Sunday, April 29, 2012

Afternoon With A Master



I had a special treat this weekend. I got to take off for the afternoon, drive myself to a library far, far away and meet a fabric master. 

A master who weaves, among other things, ikat.

And brocade. 

The husband found the little blurb in the newspaper, and told me about it. Whoo.
How often do I get to see fabric from other cultures made before my eyes? And ikat, no less?

So of course I went.

But the exhibition was about so much more than fabric.

This is that loom (although by now there are several more)

and this is the resilient, inspiring and incredibly talented  Bounxou Chanthraphone Daoheuang , recipient of multiple prestigious awards, including the Bush Foundation Enduring Vision Award. I'm kicking myself for not having got a better photo of this remarkable lady.

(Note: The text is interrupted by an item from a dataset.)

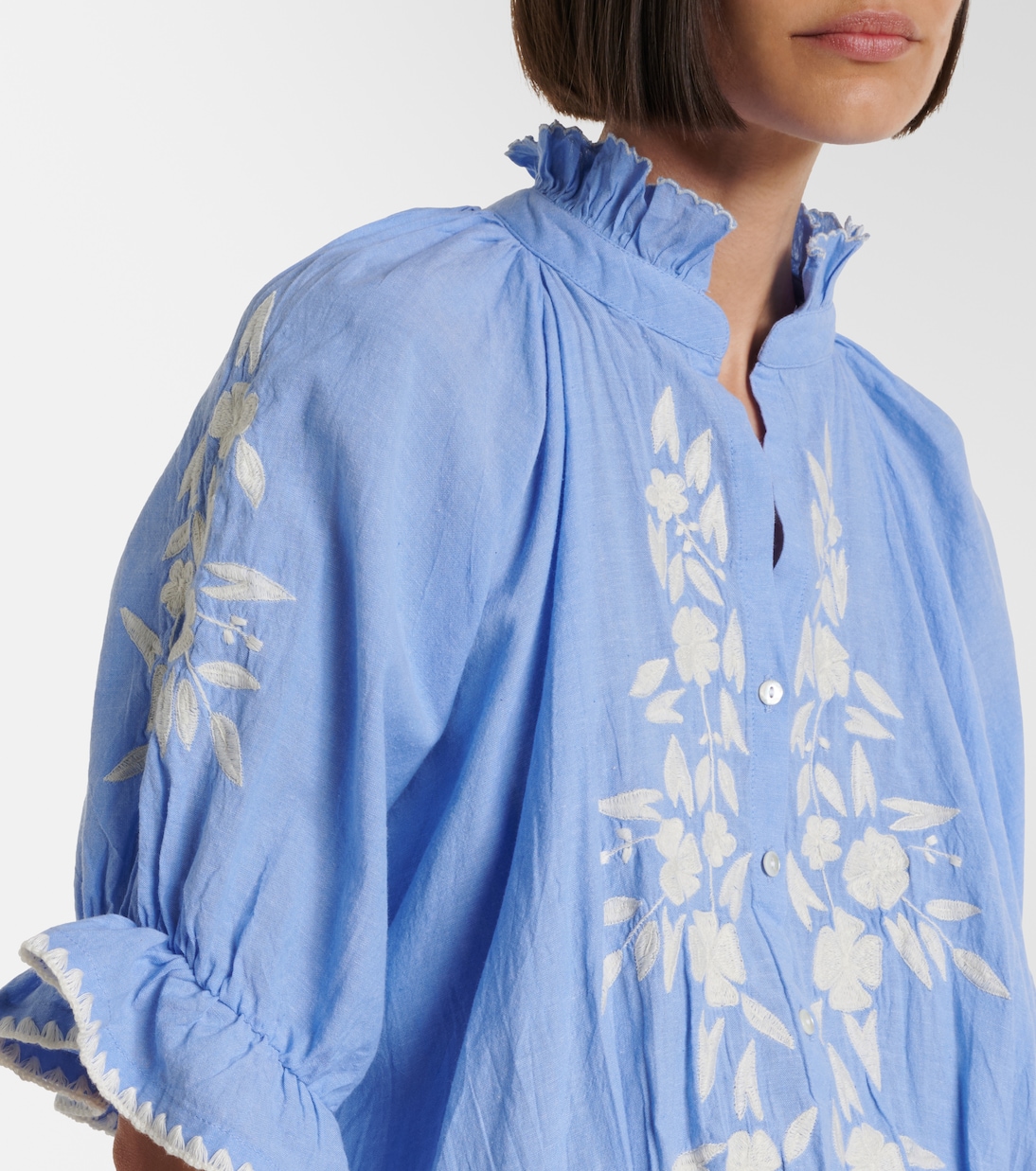 Abito corto in chambray di cotone con ricamo | Juliet Dunn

To say she weaves amazing fabric is a serious understatement.

Because those fabrics also have stories to tell.

Like her 6-feet-long ikat rendering of Lao's Pha That Luang. If you could only have been there to take in the scope of this masterpiece.

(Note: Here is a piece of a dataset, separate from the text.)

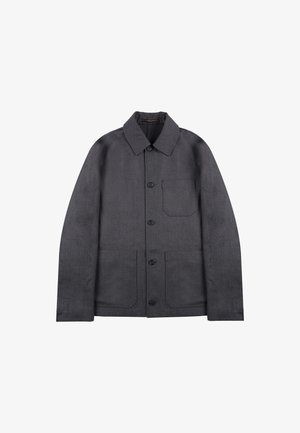 Chaqueta abotonada de color gris oscuro con cuello, mangas largas y tres bolsillos frontales, incluyendo un bolsillo en el pecho.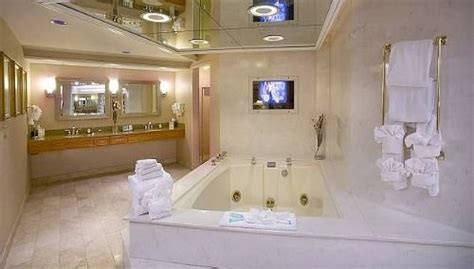 Hotels With Jacuzzi In Room Washington Dc - bestroom.one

She has lived in the US for many years since leaving Laos. But while she was still living there, she farmed silkworms, and harvested the silk with which to weave. So yes, she really does make her own fabric. From scratch. With natural and chemical dyes, and in patterns right out of her own head. 

And then sews them into astounding outfits, like these wedding dresses.


I also met Bounxou's lovely daughter Laddavanh Insixiengmay, herself an accomplished artist. I loved visiting with Ladda. We talked about drafting (we do it the same way, and neither of us understands commercial patterns much), and her life and work. And her mother, of course.

It was simply delightful to hear them tell about their lives and their art. How it takes Bounxou two days to weave enough solid silk fabric to make a blouse, and how it's hard to cut into that fabric because she wove it herself. How, sometimes, she weaves just a tiny, specially-shaped piece from leftover threads for a sleeve, or a cuff. That it took tens of thousands of threads to weave that magnificent ikat rendering of the Pha That Luang. How it is difficult to put a price on her work because there is so much of themselves, their history, their culture in it. How she "feels good when she touches the silk", and how weaving has helped her focus on the good things and forget the bad things in her past. How generous and passionate she is about sharing her knowledge and skill with as many people as she can, from non-profit organizations to schools and everyone who will invite her. How Bounxou is not only her mother, but Ladda's teacher and inspiration.


Bounxou is handing down her legacy and skill to Ladda, and I was at least a teeny bit jealous that they are in the same country, weaving on the same looms, just inches away from each other, without having to resort to (like Mum and I do) a jerky skype video conference to consult on fit or pattern drafting.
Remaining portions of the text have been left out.